Write down the information that the problem gives you. For most classic problems requiring you to calculate RF frequency, the problem will tell you the inductance and the capacitance of the resonator in question.
Draw out a circuit model of a resonator, and make sure that you understand how they work. To tune a radio, you use a simple circuit called a resonator that consists of an inductor and a capacitor that is configured to be more sensitive to a particular frequency. When you adjust the dials on a radio, you usually change either the inductance or the capacitance of the circuit in order to change the RF frequency of to circuit and switch to a different radio station.

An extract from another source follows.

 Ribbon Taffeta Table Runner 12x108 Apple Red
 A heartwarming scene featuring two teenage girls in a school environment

Convert the capacitance and inductance to the units that you need them in, which are farads for capacitance and henries for inductance. Because farads and henries are such large units, you will rarely see them listed in a problem; the problem most likely lists capacitances in the microfarad or millifarad range while giving you the inductance in nanohenries or microhenries. Make sure that you convert the units properly, or your calculations will be off by several orders of magnitude.
Multiply the converted value of the inductance by the converted value of the capacitance. For a circuit with a capacitance of 0.0001 farads and 0.05 henries, your total value would be 0.000005.

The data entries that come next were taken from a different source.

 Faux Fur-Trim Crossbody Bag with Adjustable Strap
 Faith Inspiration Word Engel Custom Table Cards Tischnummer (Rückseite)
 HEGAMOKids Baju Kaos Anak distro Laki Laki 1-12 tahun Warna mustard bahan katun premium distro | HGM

Take the square root of the number that you got in the previous step. For the previous inductance-capacitance value, the square root is 0.0022.
Multiply the number that you got in the previous step by the constant pi, which is roughly equal to 3.14. If you have a scientific calculator, it can probably multiply your previous number by the exact value of pi, but the approximation should work pretty well for most purposes.
Double the number that you got in Step 6.
Divide 1 by the number that you got in Step 7 to find the final RF frequency of your circuit.